3.2. Downstream Impact of Dam Filling

To observe the impact of the filling process of the GERD reservoir on downstream locations, we calculated the number of inundated pixels and plotted the corresponding time-series (June 2017 to December 2020) to compare the increase/decrease of the amount of water on both sides (upstream and downstream) of GERD (Figure 4). Similarly, the water area in one of the areas of Lake Nasser, which is the reservoir of the Aswan Dam in Egypt, was also presented (Figure 5). Additionally, a small region (Figure 5a–c) towards one of the areas of Lake Nasser in Egypt was selected for visual–spatial analysis. To analyze the water inundation near GERD, two regions were selected for the analysis. The upstream region corresponds to a polygon with boundaries at (35.064°E, 11.165°N), (35.087°E, 11.154°N), (35.101°E, 11.220°N), and (35.093°E, 11.221°N) whereas the downstream region corresponds to a rectangular boundary with latitudinal extent of (11.210°N, 11.226°N) and longitudinal extent of (35.054°E, 35.087°E).
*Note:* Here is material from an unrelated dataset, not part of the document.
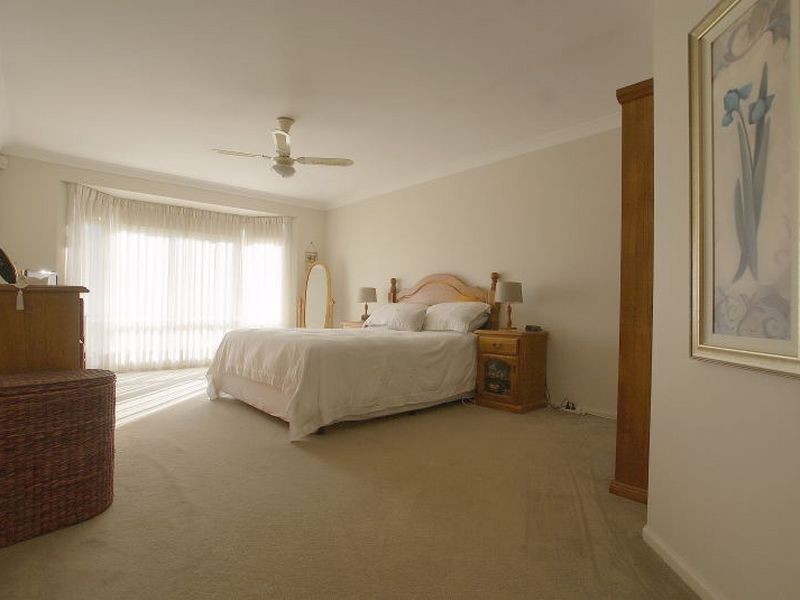 77 Clyde View Drive, Long Beach NSW 2536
In Figure 4, it was observed that the upstream of GERD in 2020 had four times the water inundated pixels as compared to the previous three years, with the number of inundated pixels (each pixel area is 900 m2) increased from approximately four times (2017 to 2020). In addition to this, there was no observed increase/decrease in the inundated pixels at the downstream end of GERD. For Lake Nasser, it was observed that the water inundated pixels showed a stable increase with no notable changes in the downstream end of GERD. This observation is again corroborated by the Sentinel-2 imagery in Figure 5a–c, where an increase in the water inundation was found at the Southern end of Lake Nasser. The Sentinel-2 imagery corresponds to 18 June 2020, 18 July 2020, and 27 October 2020. This is an interesting observation that the expected increase in water inundation at the downstream end of GERD was not observed. This suggests that there is a need for further investigation of the regional hydrology to understand the anomalous increase in water extent at Lake Nasser. After fitting a second-order polynomial harmonic curve, Lake Nasser showed low water inundation pixels during July 2020 as the GERD reservoir filling process started (Figure 5d). A first-order time-series model was used to fit the trend and seasonality here. The model fitted to the time-series is given below:
y   =   β o   +   β 1   ×   t   +   β 2   ×   cos   ( 2   ×   π   ×   β 4   ×   t )   +   β 3   ×   sin   ( 2   ×   π   ×   β 4   ×   t )   +   e
where βi are the coefficients estimated by the model, and e is the error term associated with the above estimation model.
In contrast to the fitted curve, which shows a stable increase of water inundation, the observed values show low water inundation pixels during July 2020. Although low water inundation was observed for July 2020, the values for August and September have a lesser deviation from the fitted curve.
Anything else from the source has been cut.